E.E : Le marché français suit les mêmes règles que dans n’importe quel autre pays : pour y réussir et être rentable, il est nécessaire de disposer d’une taille critique. Il existe deux façons d’y parvenir :

  • Tout d’abord, les banques peuvent adopter une stratégie de croissance externe : acheter rapidement les réseaux. Mais se doter d’une importante structure est coûteux, les tickets d’entrée sont rares et extrêmement onéreux.
  • Il existe une autre option pour les banques : une stratégie de croissance organique qui consiste à établir ses propres réseaux. Or il n’y pas de place pour les nouveaux entrants. Le seul moyen d’y parvenir est de lancer un « produit d’appel », c'est-à-dire sur-rémunérer l’épargne ou procéder à la « gratuité des coûts ». Cette stratégie cependant, ne peut être entreprise sur long-terme, compte tenu de son coût. Cette situation donnera alors lieu à un arbitrage : continuer à être peu rentable tout en poursuivant la conquête de client ou bien repositionner sa marque sous risque de perdre les parts du marché conquises auprès de clients très réactifs.

En plus de cette rude concurrence et du coût élevé des barrières à l’entrée, le marché bancaire français est particulièrement réglementé. La réglementation française privilégie et protège fortement les consommateurs, compliquant ainsi la marge de manœuvre des banques opérant sur le territoire français.

En raison de ces difficultés, il est vraiment compliqué pour un concurrent étranger d’établir une banque de détail rentable en France. D’ailleurs, beaucoup ont essayé, mais très peu ont vraiment réussi.

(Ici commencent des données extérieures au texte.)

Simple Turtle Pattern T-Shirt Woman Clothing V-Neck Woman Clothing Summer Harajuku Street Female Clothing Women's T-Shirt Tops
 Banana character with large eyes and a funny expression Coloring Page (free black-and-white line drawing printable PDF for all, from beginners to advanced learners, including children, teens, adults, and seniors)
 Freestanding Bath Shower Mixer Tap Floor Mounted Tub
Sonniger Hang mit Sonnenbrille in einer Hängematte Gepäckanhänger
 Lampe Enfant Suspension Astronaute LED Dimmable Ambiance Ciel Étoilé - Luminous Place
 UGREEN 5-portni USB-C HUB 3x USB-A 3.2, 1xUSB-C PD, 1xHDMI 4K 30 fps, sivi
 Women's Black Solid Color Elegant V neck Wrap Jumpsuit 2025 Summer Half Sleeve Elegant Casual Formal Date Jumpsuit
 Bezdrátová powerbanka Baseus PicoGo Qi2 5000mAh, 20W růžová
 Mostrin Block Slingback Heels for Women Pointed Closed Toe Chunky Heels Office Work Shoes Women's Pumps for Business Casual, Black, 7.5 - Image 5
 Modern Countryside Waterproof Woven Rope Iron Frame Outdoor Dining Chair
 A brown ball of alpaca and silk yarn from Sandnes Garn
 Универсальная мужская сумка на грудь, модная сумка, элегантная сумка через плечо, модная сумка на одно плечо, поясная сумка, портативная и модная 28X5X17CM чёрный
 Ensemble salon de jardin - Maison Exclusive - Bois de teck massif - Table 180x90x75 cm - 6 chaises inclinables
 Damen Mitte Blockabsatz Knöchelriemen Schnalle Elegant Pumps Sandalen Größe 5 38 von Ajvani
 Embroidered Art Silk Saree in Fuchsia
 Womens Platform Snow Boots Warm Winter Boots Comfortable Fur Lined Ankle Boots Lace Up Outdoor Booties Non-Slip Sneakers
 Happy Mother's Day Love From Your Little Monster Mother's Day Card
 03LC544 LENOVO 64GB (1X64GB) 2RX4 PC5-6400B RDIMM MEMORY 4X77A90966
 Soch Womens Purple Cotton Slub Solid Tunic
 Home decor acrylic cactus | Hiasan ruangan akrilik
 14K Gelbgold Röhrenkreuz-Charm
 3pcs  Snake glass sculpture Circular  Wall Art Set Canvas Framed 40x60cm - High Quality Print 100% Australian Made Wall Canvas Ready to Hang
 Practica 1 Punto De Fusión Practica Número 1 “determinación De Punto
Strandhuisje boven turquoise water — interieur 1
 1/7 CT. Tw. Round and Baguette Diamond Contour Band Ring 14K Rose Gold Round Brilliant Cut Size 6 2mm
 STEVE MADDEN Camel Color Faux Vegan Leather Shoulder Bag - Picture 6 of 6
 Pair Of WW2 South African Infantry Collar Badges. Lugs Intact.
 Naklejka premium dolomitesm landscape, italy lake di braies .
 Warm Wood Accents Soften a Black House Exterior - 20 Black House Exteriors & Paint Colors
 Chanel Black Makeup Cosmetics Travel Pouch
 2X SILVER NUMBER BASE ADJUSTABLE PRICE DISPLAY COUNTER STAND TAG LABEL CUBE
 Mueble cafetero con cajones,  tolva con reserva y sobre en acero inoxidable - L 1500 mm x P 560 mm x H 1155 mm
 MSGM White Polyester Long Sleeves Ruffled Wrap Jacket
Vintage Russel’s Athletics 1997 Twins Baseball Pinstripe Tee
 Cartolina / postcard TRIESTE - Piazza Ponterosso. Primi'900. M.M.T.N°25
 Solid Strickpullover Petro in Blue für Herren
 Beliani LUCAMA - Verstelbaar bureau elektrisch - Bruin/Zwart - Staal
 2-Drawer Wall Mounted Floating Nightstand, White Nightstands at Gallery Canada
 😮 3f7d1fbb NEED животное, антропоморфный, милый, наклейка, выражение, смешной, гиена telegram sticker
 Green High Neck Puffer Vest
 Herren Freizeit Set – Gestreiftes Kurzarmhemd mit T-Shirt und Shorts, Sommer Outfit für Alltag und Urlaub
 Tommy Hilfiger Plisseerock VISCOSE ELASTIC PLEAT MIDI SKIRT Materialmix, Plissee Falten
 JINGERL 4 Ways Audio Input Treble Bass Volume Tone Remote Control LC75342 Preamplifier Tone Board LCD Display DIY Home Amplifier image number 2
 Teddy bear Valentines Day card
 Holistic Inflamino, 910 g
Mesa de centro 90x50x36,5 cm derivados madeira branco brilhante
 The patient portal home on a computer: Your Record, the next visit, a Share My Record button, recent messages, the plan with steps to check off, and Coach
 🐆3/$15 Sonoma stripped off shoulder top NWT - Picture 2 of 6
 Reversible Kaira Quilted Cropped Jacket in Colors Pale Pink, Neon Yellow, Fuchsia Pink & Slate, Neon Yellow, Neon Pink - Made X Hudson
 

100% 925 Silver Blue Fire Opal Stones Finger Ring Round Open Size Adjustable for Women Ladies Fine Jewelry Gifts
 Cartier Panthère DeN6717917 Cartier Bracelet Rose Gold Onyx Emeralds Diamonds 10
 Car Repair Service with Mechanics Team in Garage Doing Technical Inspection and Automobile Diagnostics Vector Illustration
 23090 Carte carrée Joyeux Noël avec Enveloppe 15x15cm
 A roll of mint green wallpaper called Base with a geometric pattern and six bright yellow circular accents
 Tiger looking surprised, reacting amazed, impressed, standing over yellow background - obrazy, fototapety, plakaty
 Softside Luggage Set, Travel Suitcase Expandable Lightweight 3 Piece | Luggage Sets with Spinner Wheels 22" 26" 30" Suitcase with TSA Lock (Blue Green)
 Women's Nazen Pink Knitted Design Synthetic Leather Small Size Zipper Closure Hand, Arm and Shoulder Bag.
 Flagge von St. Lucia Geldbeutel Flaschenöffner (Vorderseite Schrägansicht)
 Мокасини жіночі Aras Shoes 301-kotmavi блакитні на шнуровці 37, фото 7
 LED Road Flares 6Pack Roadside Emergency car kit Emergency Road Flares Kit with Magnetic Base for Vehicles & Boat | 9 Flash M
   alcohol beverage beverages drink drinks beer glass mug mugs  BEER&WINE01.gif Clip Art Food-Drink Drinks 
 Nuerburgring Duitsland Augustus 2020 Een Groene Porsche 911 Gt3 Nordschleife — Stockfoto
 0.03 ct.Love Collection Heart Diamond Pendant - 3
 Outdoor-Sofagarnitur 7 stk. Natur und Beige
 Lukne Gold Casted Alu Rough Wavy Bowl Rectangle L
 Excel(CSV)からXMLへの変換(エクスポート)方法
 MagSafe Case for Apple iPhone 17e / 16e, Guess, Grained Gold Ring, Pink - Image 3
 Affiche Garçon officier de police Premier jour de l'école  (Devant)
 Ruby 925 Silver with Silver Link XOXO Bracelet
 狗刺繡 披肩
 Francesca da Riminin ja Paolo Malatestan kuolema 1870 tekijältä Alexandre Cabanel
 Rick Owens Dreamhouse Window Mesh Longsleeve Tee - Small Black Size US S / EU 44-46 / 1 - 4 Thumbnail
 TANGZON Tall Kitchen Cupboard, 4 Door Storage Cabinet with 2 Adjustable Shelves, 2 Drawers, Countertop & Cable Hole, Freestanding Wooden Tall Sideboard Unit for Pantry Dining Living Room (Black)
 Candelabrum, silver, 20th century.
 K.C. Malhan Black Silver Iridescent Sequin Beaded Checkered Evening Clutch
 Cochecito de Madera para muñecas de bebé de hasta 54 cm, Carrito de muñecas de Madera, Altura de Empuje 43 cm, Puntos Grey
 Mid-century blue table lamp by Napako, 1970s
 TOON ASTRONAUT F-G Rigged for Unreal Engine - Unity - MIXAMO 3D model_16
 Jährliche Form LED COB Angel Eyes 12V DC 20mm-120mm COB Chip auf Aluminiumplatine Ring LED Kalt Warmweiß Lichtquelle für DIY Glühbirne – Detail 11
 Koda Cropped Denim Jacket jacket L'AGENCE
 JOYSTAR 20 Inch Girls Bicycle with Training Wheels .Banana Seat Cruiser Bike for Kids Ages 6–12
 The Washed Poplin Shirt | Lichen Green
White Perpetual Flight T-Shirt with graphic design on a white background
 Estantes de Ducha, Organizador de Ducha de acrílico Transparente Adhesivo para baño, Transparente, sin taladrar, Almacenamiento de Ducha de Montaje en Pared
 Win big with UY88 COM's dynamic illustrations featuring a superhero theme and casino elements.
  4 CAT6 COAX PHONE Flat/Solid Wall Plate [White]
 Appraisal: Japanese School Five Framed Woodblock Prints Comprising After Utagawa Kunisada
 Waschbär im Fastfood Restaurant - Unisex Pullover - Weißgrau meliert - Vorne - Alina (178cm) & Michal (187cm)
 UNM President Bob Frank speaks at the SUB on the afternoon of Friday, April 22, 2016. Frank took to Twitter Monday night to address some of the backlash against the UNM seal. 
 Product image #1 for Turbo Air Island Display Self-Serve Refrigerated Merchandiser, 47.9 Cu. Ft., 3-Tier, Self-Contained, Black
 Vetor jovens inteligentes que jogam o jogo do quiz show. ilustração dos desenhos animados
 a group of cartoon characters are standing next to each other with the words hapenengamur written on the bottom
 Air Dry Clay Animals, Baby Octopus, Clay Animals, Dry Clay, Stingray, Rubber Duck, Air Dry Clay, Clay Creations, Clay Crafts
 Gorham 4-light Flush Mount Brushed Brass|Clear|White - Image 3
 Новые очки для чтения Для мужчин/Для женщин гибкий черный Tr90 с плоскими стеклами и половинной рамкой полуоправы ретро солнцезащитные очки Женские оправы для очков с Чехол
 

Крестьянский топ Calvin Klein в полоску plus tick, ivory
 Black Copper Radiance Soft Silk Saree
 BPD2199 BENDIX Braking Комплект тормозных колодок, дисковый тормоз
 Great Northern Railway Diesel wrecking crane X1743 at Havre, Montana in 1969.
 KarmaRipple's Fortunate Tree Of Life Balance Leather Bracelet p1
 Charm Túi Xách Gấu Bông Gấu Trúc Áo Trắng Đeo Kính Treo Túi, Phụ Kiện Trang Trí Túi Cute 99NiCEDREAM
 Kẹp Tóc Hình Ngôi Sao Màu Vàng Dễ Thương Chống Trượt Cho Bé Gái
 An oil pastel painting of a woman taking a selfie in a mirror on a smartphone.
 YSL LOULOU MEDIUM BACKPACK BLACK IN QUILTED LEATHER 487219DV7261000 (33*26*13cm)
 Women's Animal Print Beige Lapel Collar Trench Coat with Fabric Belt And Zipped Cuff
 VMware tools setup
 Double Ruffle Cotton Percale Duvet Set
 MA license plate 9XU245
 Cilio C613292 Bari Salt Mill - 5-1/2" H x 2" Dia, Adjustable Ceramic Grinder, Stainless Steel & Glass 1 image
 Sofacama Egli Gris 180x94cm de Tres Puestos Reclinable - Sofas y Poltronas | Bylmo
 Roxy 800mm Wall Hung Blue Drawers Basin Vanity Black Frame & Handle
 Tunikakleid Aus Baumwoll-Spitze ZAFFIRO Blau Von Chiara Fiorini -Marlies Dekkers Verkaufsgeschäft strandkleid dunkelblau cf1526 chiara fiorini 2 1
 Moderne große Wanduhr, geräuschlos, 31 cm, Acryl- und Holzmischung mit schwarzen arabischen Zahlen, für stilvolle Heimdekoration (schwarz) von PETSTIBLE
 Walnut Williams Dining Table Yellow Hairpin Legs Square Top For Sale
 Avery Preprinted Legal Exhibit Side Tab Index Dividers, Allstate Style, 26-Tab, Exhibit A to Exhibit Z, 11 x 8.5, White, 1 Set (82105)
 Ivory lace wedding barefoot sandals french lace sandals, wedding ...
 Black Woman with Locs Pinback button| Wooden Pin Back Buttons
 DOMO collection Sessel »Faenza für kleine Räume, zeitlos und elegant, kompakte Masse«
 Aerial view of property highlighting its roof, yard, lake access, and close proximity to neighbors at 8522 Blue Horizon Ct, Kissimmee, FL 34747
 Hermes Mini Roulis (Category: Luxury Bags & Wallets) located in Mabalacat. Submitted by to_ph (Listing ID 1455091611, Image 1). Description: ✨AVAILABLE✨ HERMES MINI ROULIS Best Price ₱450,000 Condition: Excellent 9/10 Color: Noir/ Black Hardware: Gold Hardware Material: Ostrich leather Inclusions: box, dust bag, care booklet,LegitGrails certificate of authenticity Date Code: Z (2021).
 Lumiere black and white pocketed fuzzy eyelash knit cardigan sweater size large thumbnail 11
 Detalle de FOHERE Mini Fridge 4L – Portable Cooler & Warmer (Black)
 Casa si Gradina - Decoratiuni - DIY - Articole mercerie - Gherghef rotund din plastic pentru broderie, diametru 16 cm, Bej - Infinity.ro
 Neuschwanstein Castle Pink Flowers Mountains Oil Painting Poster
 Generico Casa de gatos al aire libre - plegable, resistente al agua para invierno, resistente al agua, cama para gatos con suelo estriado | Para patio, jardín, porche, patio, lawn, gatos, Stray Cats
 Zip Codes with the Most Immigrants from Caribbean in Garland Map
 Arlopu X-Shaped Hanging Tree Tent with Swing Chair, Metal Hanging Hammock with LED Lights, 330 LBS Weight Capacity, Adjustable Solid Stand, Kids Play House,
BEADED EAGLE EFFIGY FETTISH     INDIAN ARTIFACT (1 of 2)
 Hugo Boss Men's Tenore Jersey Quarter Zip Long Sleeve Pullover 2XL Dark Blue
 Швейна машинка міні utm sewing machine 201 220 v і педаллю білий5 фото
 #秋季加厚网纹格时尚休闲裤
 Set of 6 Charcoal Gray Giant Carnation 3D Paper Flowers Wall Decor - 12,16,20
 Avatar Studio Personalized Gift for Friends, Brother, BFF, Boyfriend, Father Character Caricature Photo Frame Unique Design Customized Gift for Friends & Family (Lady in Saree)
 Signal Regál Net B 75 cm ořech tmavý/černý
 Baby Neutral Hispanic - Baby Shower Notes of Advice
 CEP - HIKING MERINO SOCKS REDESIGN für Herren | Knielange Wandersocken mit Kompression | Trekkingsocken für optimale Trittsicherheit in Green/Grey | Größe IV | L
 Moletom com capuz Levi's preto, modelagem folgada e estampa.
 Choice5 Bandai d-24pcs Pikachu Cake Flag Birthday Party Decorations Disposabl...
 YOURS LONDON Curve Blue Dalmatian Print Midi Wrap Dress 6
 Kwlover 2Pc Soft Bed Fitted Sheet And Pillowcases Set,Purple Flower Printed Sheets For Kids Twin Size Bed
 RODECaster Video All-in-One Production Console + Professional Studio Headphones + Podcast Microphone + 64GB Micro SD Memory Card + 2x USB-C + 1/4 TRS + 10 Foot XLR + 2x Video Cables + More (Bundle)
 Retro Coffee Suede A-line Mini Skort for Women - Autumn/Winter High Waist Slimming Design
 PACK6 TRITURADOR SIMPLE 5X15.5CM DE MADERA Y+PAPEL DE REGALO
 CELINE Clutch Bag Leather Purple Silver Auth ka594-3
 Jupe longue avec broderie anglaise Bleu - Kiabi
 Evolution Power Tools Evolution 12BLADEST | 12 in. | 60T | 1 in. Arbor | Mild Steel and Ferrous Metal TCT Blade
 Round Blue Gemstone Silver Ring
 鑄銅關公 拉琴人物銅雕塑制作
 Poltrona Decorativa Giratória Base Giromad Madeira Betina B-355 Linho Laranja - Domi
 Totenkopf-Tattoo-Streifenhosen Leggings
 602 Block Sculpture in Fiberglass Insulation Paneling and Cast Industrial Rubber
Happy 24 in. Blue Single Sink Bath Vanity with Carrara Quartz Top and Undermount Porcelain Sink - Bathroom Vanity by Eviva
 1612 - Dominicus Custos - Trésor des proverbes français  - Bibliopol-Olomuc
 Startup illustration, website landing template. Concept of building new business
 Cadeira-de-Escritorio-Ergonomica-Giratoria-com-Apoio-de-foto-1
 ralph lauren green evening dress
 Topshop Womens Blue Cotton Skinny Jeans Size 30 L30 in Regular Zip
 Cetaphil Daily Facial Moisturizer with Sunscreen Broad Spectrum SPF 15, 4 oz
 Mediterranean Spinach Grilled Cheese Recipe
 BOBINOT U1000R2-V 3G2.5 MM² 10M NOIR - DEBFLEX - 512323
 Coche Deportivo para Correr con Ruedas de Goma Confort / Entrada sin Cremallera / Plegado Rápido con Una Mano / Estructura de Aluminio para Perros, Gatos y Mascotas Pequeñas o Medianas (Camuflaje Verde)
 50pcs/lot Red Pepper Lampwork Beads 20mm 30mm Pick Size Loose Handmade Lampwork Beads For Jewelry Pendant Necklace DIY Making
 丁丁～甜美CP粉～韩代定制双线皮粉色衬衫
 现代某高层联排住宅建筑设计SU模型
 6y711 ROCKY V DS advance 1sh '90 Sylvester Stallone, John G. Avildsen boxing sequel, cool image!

Sia Conseil : A votre avis est-ce que la réforme du Livret A va transformer la concurrence entre les banques françaises ?

E.E : La réforme du Livret A aura un impact sur les liquidités de certaines banques. Mais au-delà du pur aspect financier, il existe des enjeux stratégiques de positionnement pour toutes les banques.
Ainsi, sur le plan marketing, nous allons constater un effet légèrement positif à moyen terme pour les banques nouvellement distributrices puisqu’elles pourront élargir l’éventail de leurs produits. En revanche, les banques qui ont aujourd’hui le monopole sur la distribution de ce produit d’épargne risquent d’avoir un problème d’image puisque dans l’esprit des consommateurs, le Livret A est associé à la Banque Postale, au Groupe Caisse d’Epargne et au Crédit Mutuel. La réforme sur la distribution de ce produit sera donc une occasion pour ces banques de repenser leur stratégie et leur positionnement.

 PARCOURS

Edouard ESPARBES a exercé des responsabilités au plus haut niveau dans la banque en France.

De 1989 à 1993, il a été numéro 2 de la Caisse Nationale du Crédit Agricole. Il a ensuite été pendant plus de dix années Directeur Général de la Caisse Régionale du Crédit Agricole Ile-de-France et de 2004 à Août 2007, Directeur Général Délégué de Crédit Agricole SA (CASA), en charge de la constitution de la banque d’affaires Calyon issue de la fusion entre le Crédit Lyonnais et le Crédit Agricole Indosuez.

A travers ces fonctions, il a exercé dans tous les domaines de la banque, de l’assurance et de la finance.

Âgé de 63 ans, il est aujourd’hui Directeur Général Honoraire de Calyon, Vice-Président du Conseil de Surveillance du Crédit du Maroc et Président de Attijariwafa Bank Europe.

Par ailleurs, il est administrateur de la COFACE, de la banque Saudi Al Fransi et Senior Advisor chez Sia Conseil.